The symptoms of tuberculosis are usually related to the place where the bacteria are found, with respiratory symptoms such as a dry and bloody cough, chest pain and difficulty breathing being more common.

It is important that the person consults the infectious disease specialist or the general practitioner as soon as the first symptoms suggestive of tuberculosis appear, as this is how it is possible to start early treatment, which is usually done with a combination of antibiotics.

main symptoms

The symptoms of tuberculosis are mainly related to the development of the bacteria in the lungs, there may be a dry and persistent cough with or without blood, weight loss, chest pain when coughing and difficulty breathing.

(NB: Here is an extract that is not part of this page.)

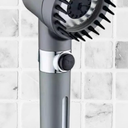 IonDrops Filtered Shower Head – High Pressure Detachable Handheld Showerhead with Long Flexible Hose and Adjustable Bracket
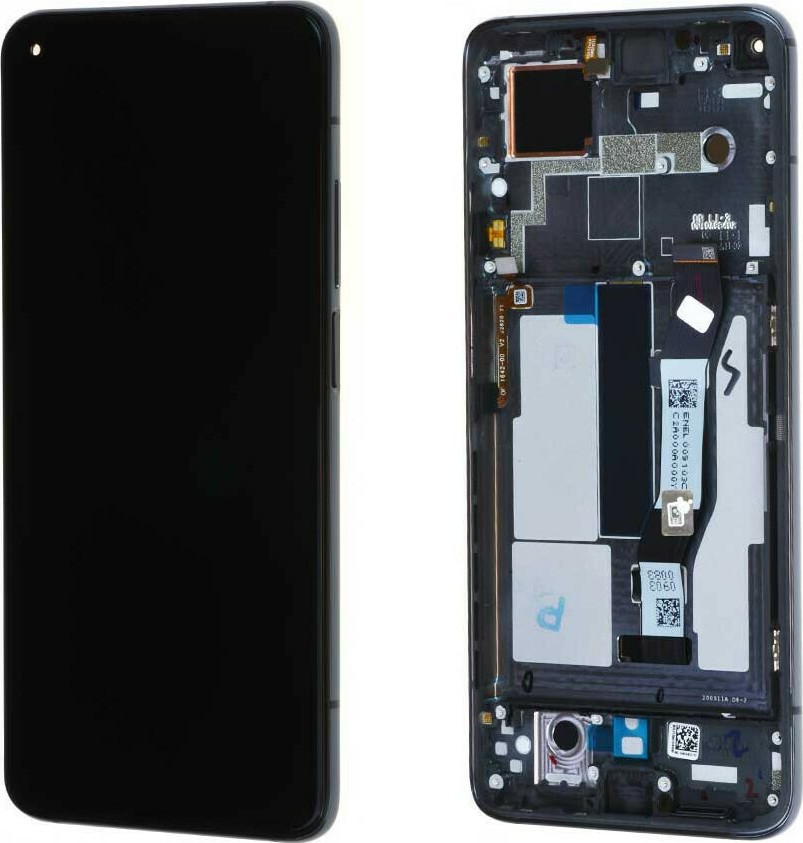 Γνήσια Οθόνη Και Μηχανισμός Αφής Με Πλαίσιο Xiaomi Mi 10T / Mi 10T Pro Μαύρο 5600030J3S00 (Service Pack)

However, when the bacteria develops in other organs, it is possible that other symptoms such as excessive tiredness, night sweats, fever and swelling where the bacteria are installed may appear. Learn about other symptoms of tuberculosis.

types of tuberculosis

According to the place where the tuberculosis bacteria settles and develops, tuberculosis can be classified into a few types, the main ones being:

  • Pulmonary Tuberculosis: It is the most common form of the disease and occurs due to the entry of the bacillus in the upper respiratory tract and accommodation in the lungs. This type of tuberculosis is characterized by a dry and constant cough with or without blood, with coughing being the main form of contagion, since the droplets of saliva released through coughing contain Koch’s bacilli, which can infect other people;
  • miliary tuberculosis: It is one of the most serious forms of tuberculosis and occurs when the bacillus enters the bloodstream and reaches all organs, with a risk of meningitis. In addition to the lung being severely affected, other organs can also be;
  • bone tuberculosis: Although not very common, it occurs when the bacillus manages to penetrate and develop in the bones, which can cause pain and inflammation, which is not always initially diagnosed and treated as tuberculosis;
  • ganglionic tuberculosis: It is caused by the entry of the bacillus into the lymphatic system, and may affect the nodes of the chest, groin, abdomen or, more often, the neck. This type of extrapulmonary tuberculosis is not contagious and curable when treated correctly;
  • pleural tuberculosis: It occurs when the bacillus affects the pleura, tissue that lines the lungs, causing intense difficulty in breathing. This type of extrapulmonary tuberculosis is not contagious, however it can be acquired by coming into contact with a person with pulmonary tuberculosis or be an evolution of pulmonary tuberculosis.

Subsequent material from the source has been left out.